Your task is to transcribe all of the data below exactly, omitting the images.

Data block:
------
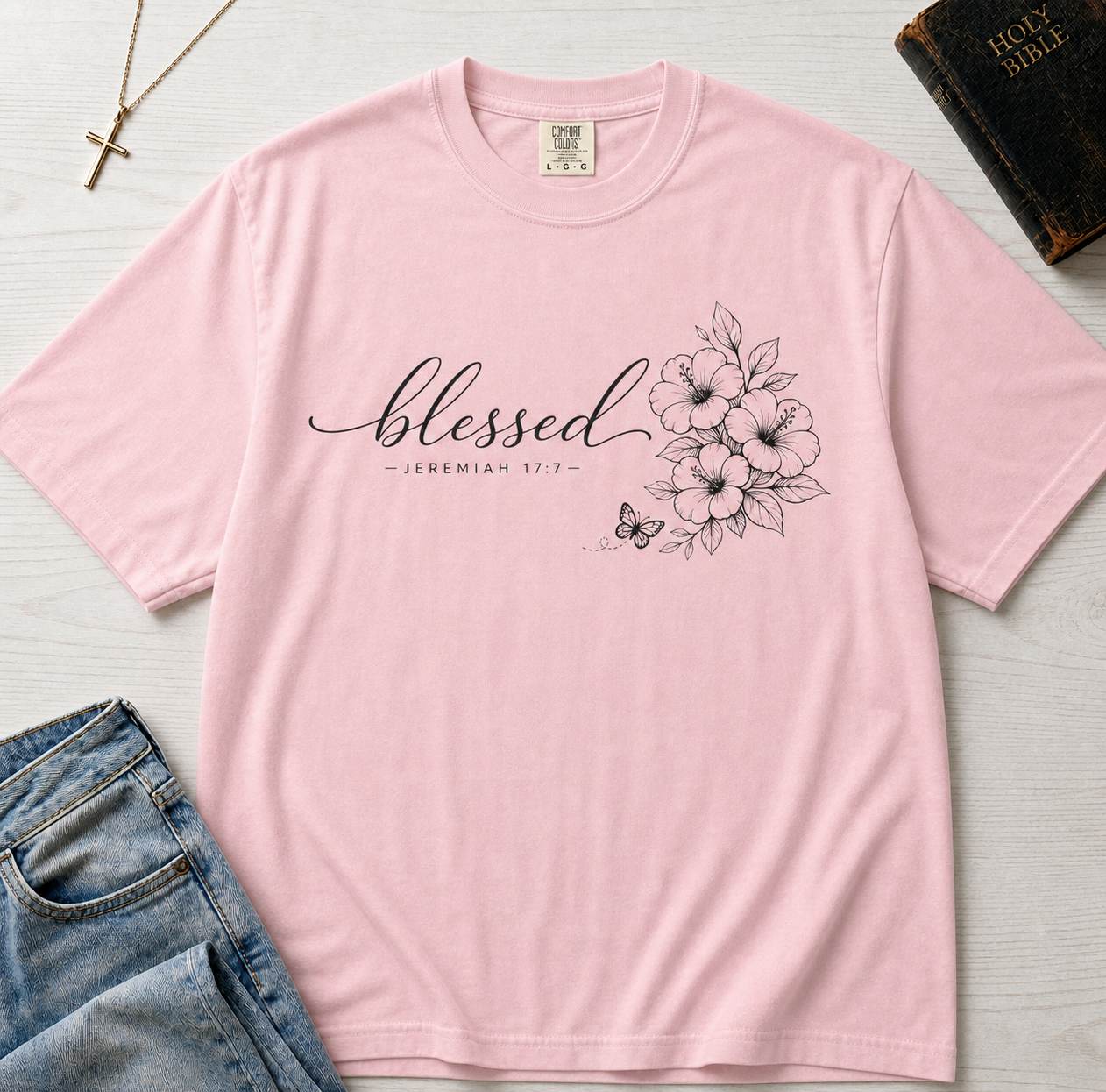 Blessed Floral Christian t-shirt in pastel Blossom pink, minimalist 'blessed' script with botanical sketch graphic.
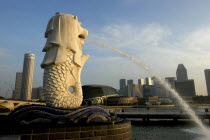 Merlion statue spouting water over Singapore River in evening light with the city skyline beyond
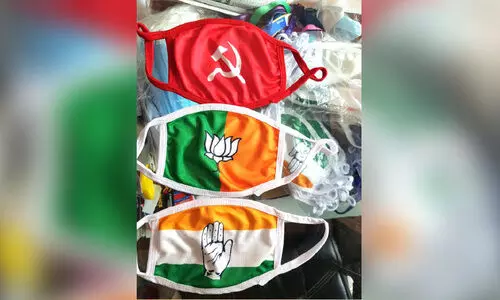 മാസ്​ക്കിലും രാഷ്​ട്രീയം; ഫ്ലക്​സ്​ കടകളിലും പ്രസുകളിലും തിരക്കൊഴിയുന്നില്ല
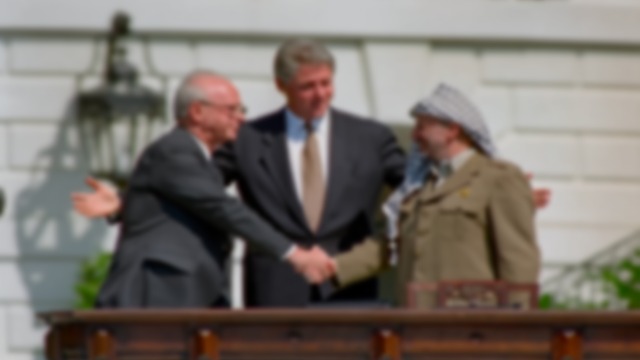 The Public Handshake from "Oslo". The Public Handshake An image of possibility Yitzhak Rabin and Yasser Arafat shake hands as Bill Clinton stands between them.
------
Task output:
 Blessed Floral Christian t-shirt in pastel Blossom pink, minimalist 'blessed' script with botanical sketch graphic.
 Merlion statue spouting water over Singapore River in evening light with the city skyline beyond
 മാസ്​ക്കിലും രാഷ്​ട്രീയം; ഫ്ലക്​സ്​ കടകളിലും പ്രസുകളിലും തിരക്കൊഴിയുന്നില്ല
 The Public Handshake from "Oslo". The Public Handshake An image of possibility Yitzhak Rabin and Yasser Arafat shake hands as Bill Clinton stands between them.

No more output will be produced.